Libby said he has a “personal connection” to the area, having been a lobsterman in the Blue Point area from 1961 to 1978. He said he knew residents’ connection to the area is “emotional and passionate,” but asked the crowd to eliminate those feelings for a clearer perspective of the proposed swap.

Libby gave reasons during his presentation regarding how the swap worked for both the Trumans and the town. He said by going through with the swap, the Trumans were losing five parking spaces. However, the swap would help them consolidate parking at the motel and eliminate pedestrian traffic from the motel.

 Libby said the swap would give the town land abutting Claudia Way, provide a safer pedestrian drop-off area, as well as provide a continuous walking path to the beach from Pine Point Road.

Following the presentation, a line of both Pine Point and non-Pine Point residents took turns speaking their minds on the topic.
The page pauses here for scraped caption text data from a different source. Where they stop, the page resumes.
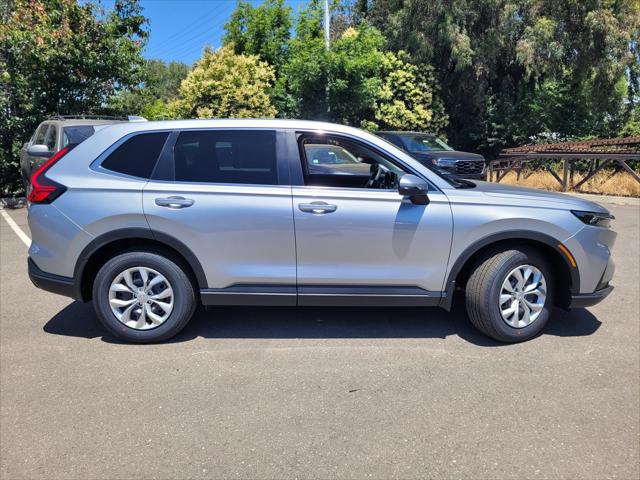 2025 Honda CR-V LX AWD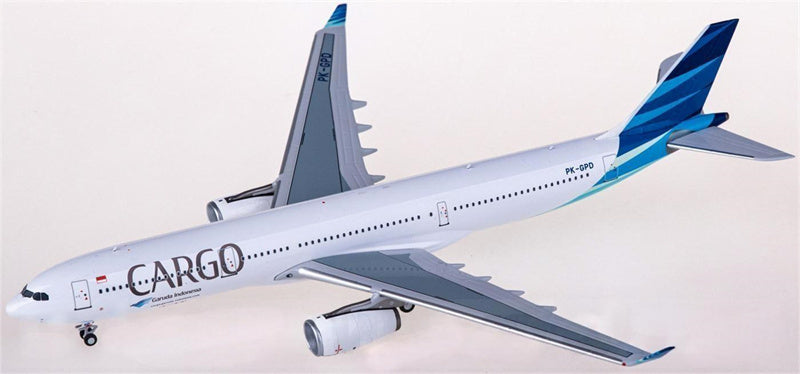 NG Models Garuda Indonesia Cargo Airbus A330-300 PK-GPD 1:400 Diecast Model view 3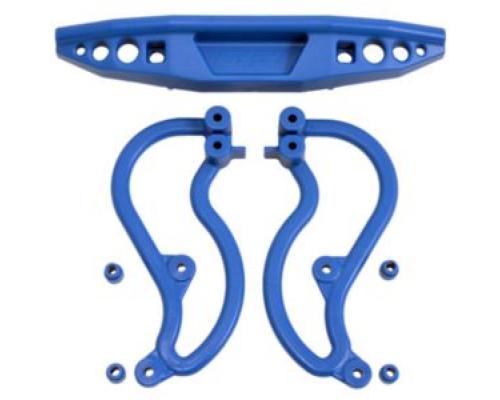 RPM70835 Blue Rear Bumper for the Traxxas Stampede 2wd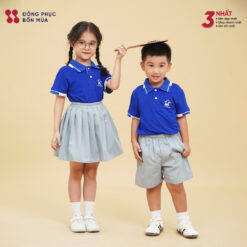 Đồng phục mầm non thấm hút mồ hôi tốt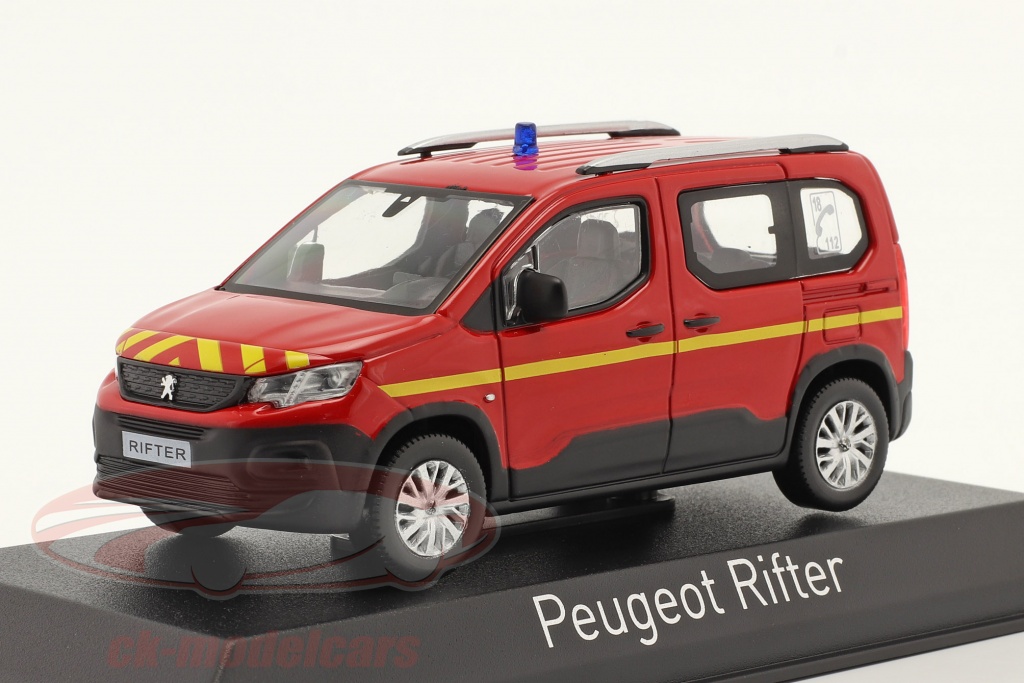 norev-1-43-peugeot-rifter-pompiers-annee-de-construction-2019-rouge-479069/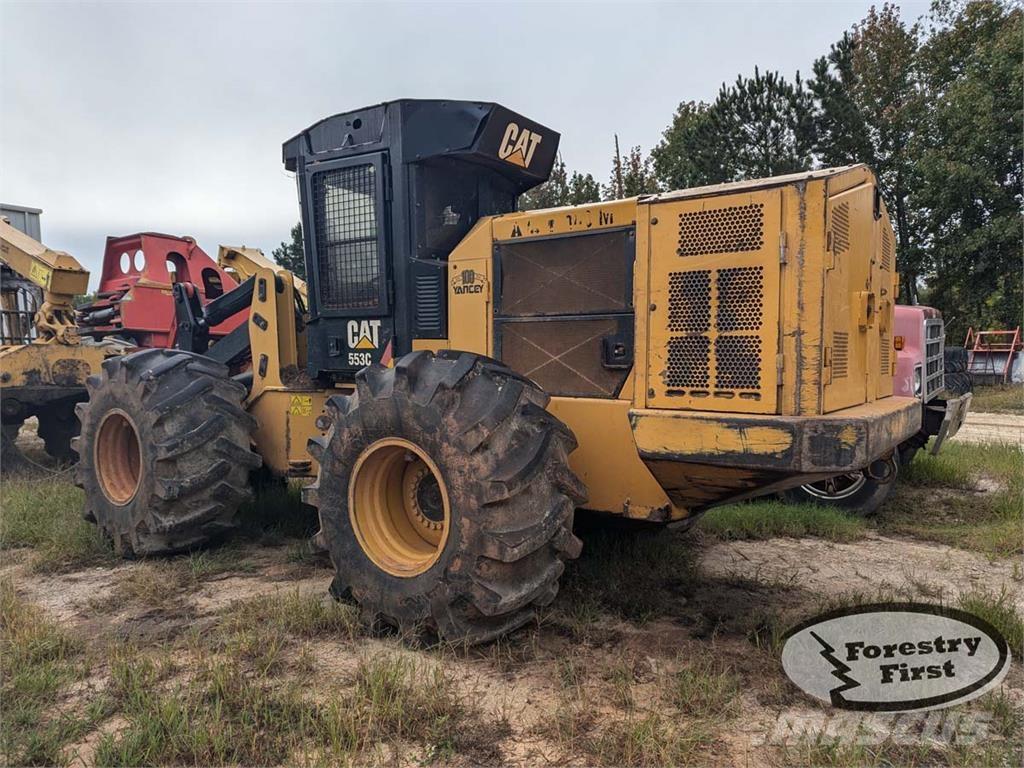 CAT 553C Fällare-läggare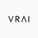 Vrai Logotype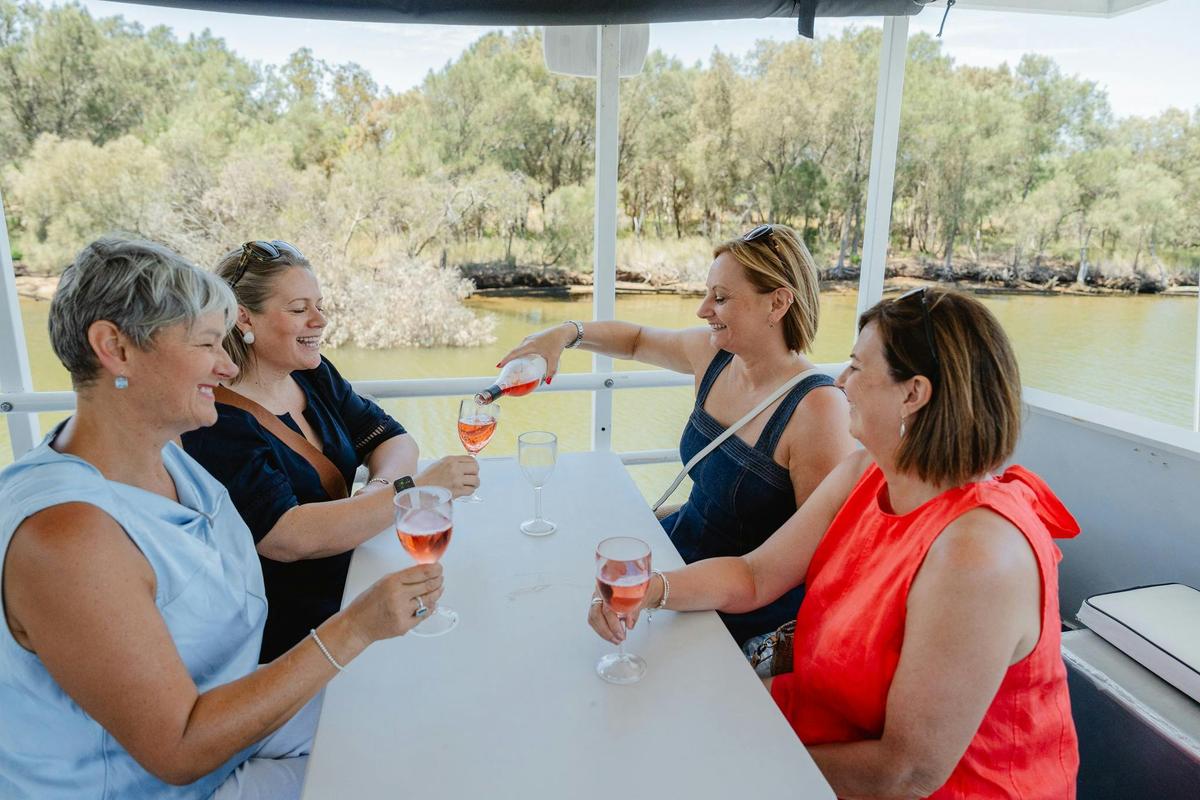Murray River Lunch Cruise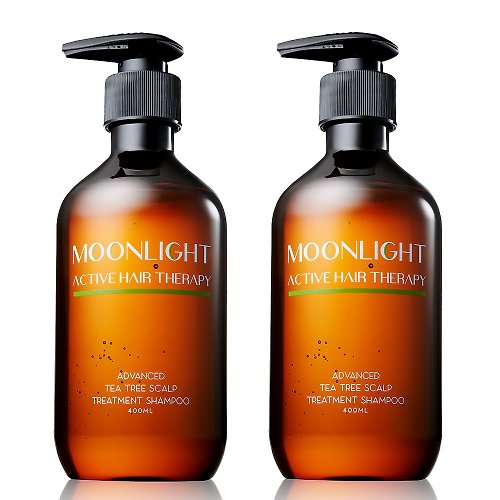 Moonlight 莯光 Moonlight 莯光 進化版茶樹控油淨化洗髮精 400 mL x2
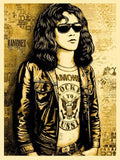 Tommy Ramone (Gold), 2016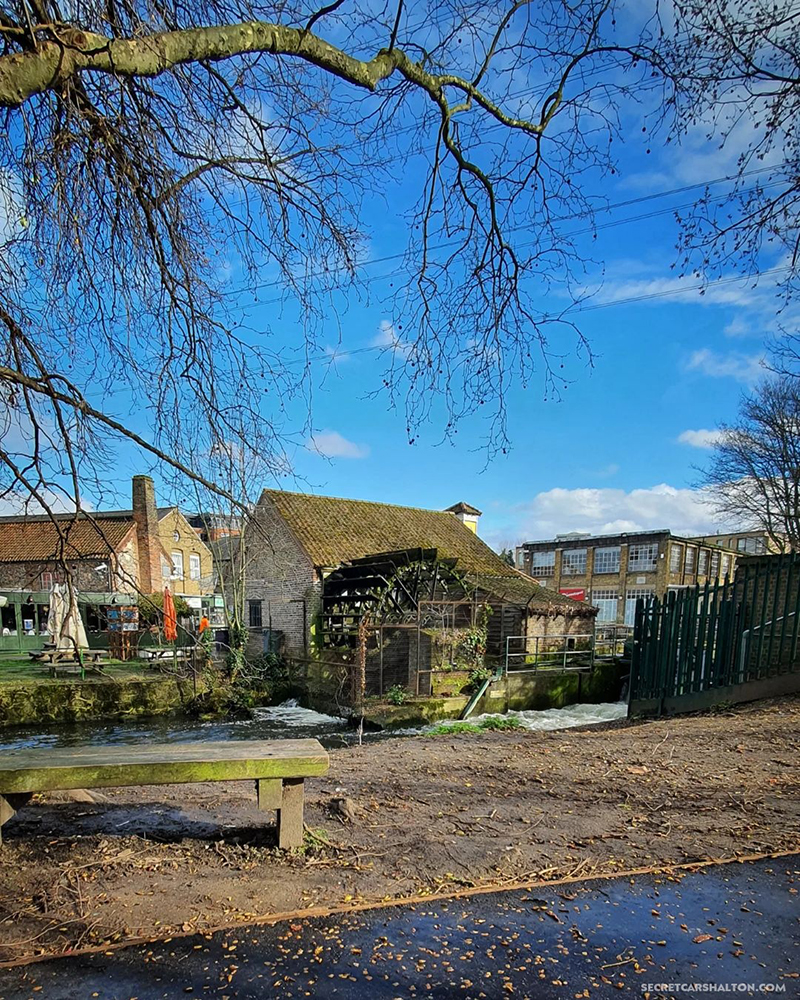Merton Abbey Waterwheel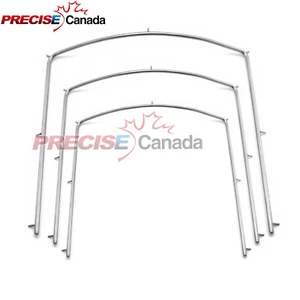 Rubber Dam Frame Holder 3" 4" 5" Endodontic Rubber Dam Clamps Dental (CHOOSE) - Picture 1 of 5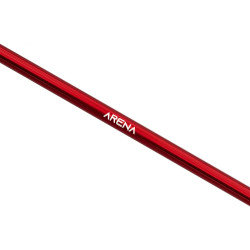 Podbierak z silikonową siatką Favorite Arena Red ATLNRD1-190 - 190cm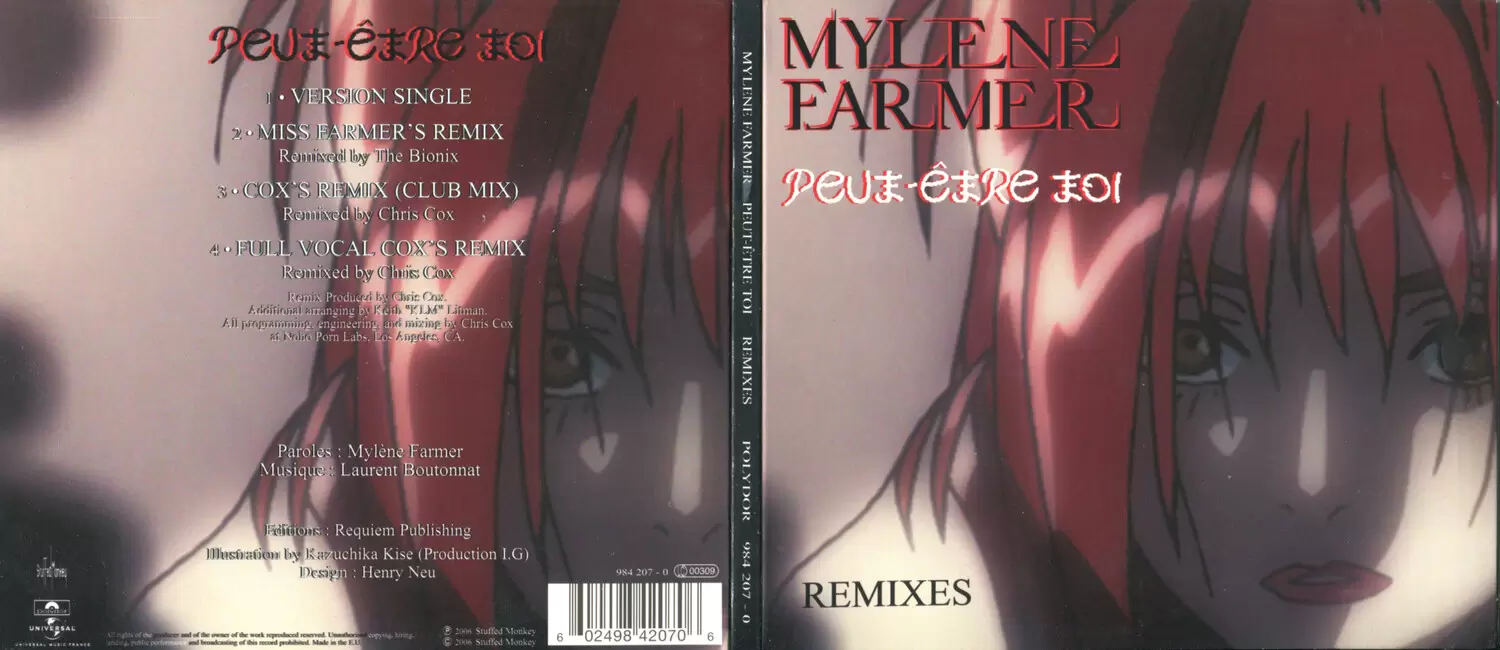 Mylène Farmer - Peut-être toi CD Maxi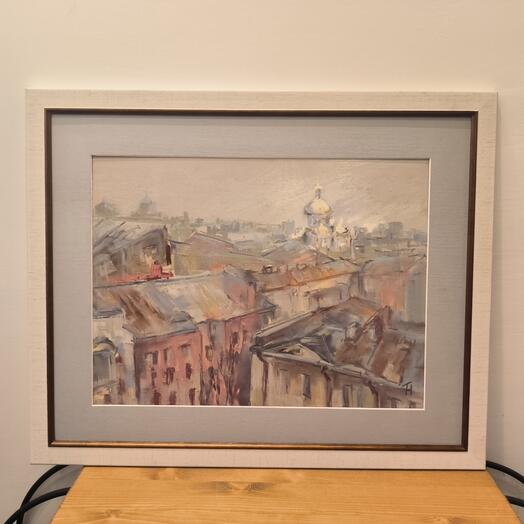 Крыши Петербурга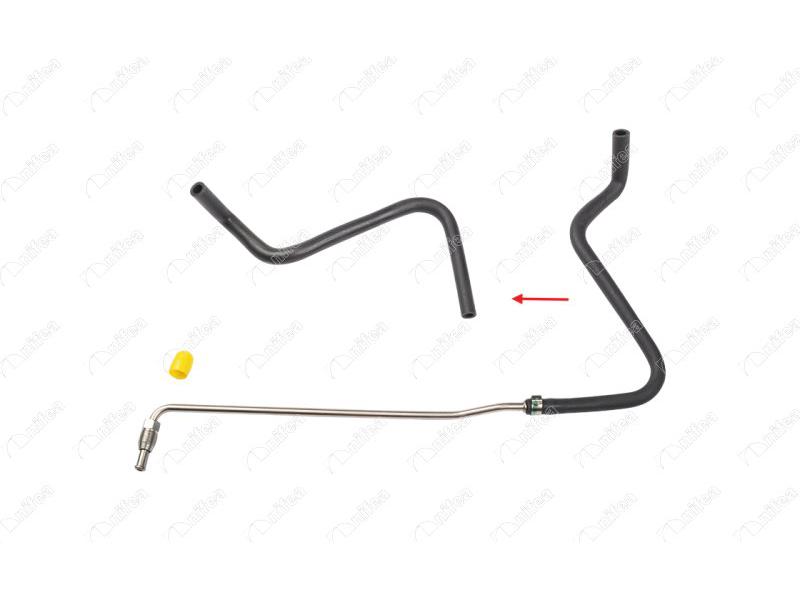 BASINC KAPTORU HORTUMU METAL BORU HARIC DUSTER 1.5 DCI K9K - NIFEA - OEM 208158908R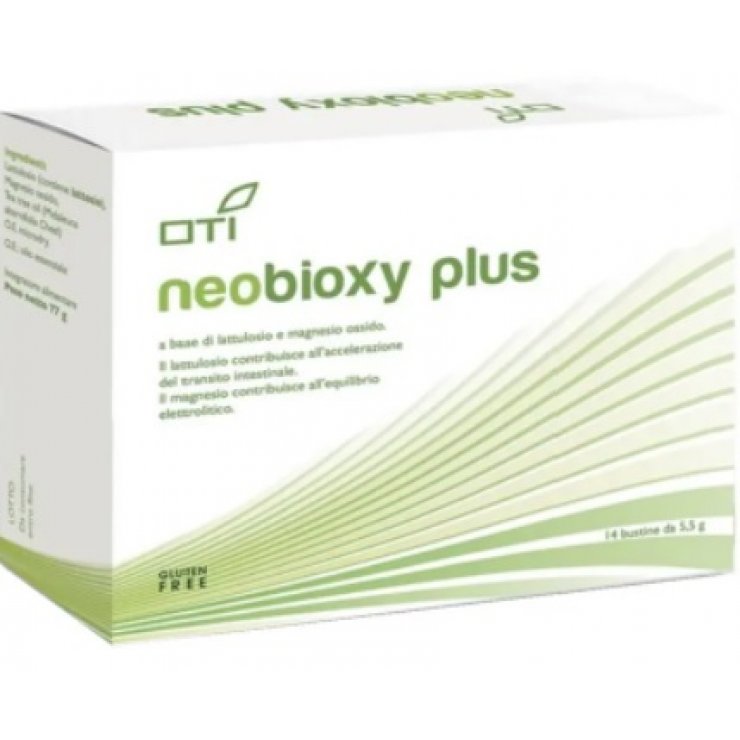 Neobioxy Plus 14 Bustine - integratore alimentare di lattulosio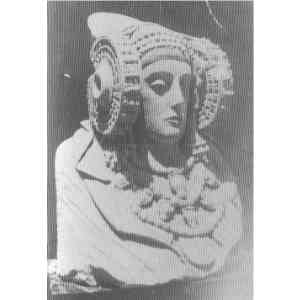 Dama de Elche 13 primera foto en 1897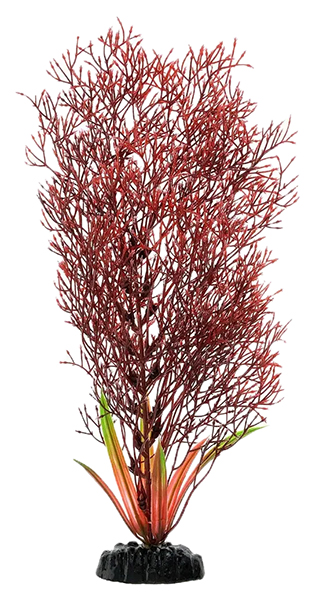 Искусственное растение для аквариума BARBUS Plant 032/30 Горгонария красная 300 мм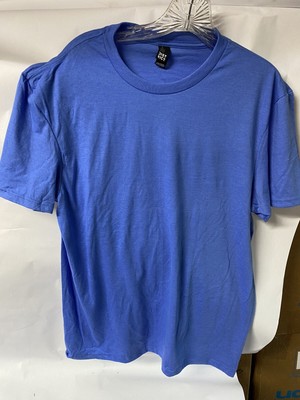 DistRict Mens Short Sleeve Perfect Tri Crew Neck Stylish MED T-Shirt 528
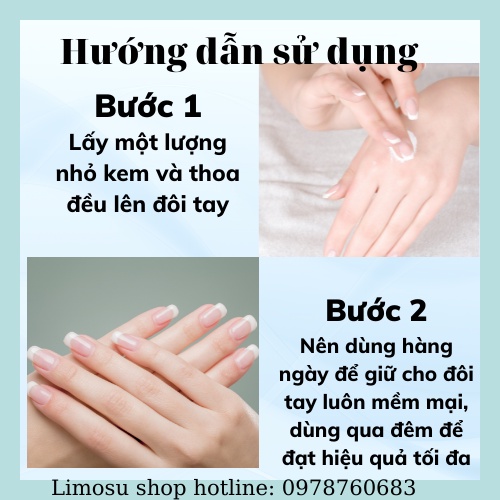 Kem dưỡng da tay cấp ẩm làm mềm da giảm nhăn chống lão hóa Neutrogena Hand Cream 56g - hàng Úc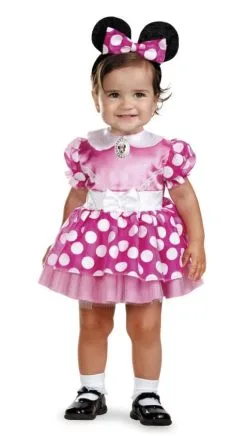Minnie Mouse Babykostüm 12 - 18 Mo
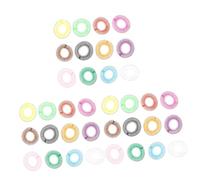 FRCOLOR 36 Pz pettine a molla pettini per parrucche pettine per fascia a molla hair clip hair pin bandane archetto a denti circolari completi pettine per parrucca circolare Propilene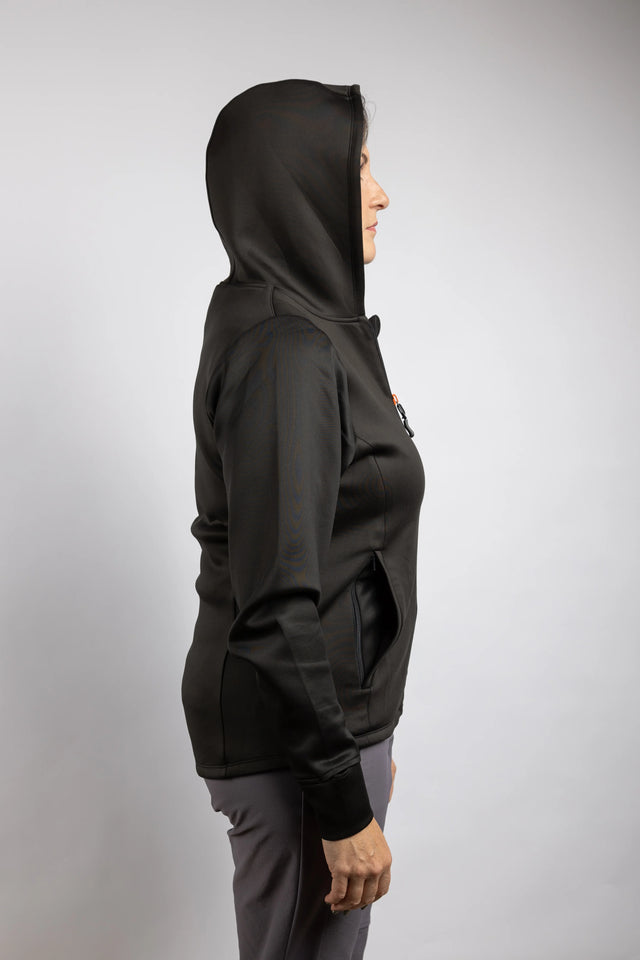 Women's Infinity Pocket Hooded Jacket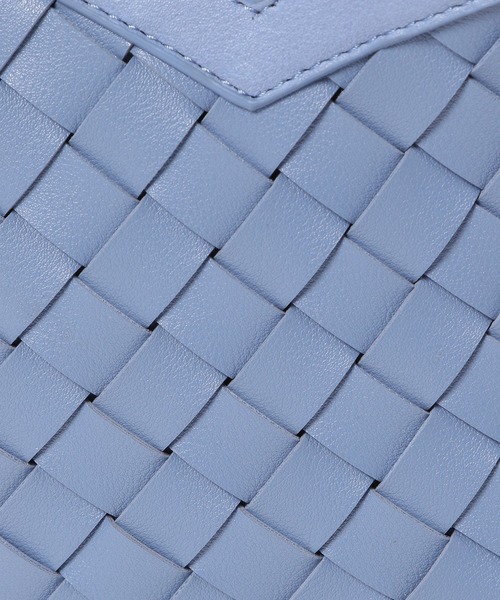 PAGEBOY（ページボーイ）の「メッシュミニBAG（ショルダーバッグ・レディース・ブラック/ブルー・FREE）」の10枚目の写真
Maine Rep. Sean Flaherty said he was not in favor of the land swap, asking the council to use a more public process to make a better decision on what to do with the land.

“If the purpose is to improve public access, we don’t have a plan yet,” he said.

Kevin McQuinn, owner of the Landing at Pine Point, asked the council to go back to a third party engineer and find a way to do something with the dune grass area next to motel on the beach, saying the council was taking a “short sided” approach to the land swap.

Susan Hamel, who said she grew up in the Pine Point area, asked the council to be more fiscally responsible with the land and said the swap was benefiting the landowners but not the town of Scarborough.

“If you need to get rid of land, for God sake sell it, don’t give it away.”

As of press time on Wednesday night, the council had not yet made a decision on the issue.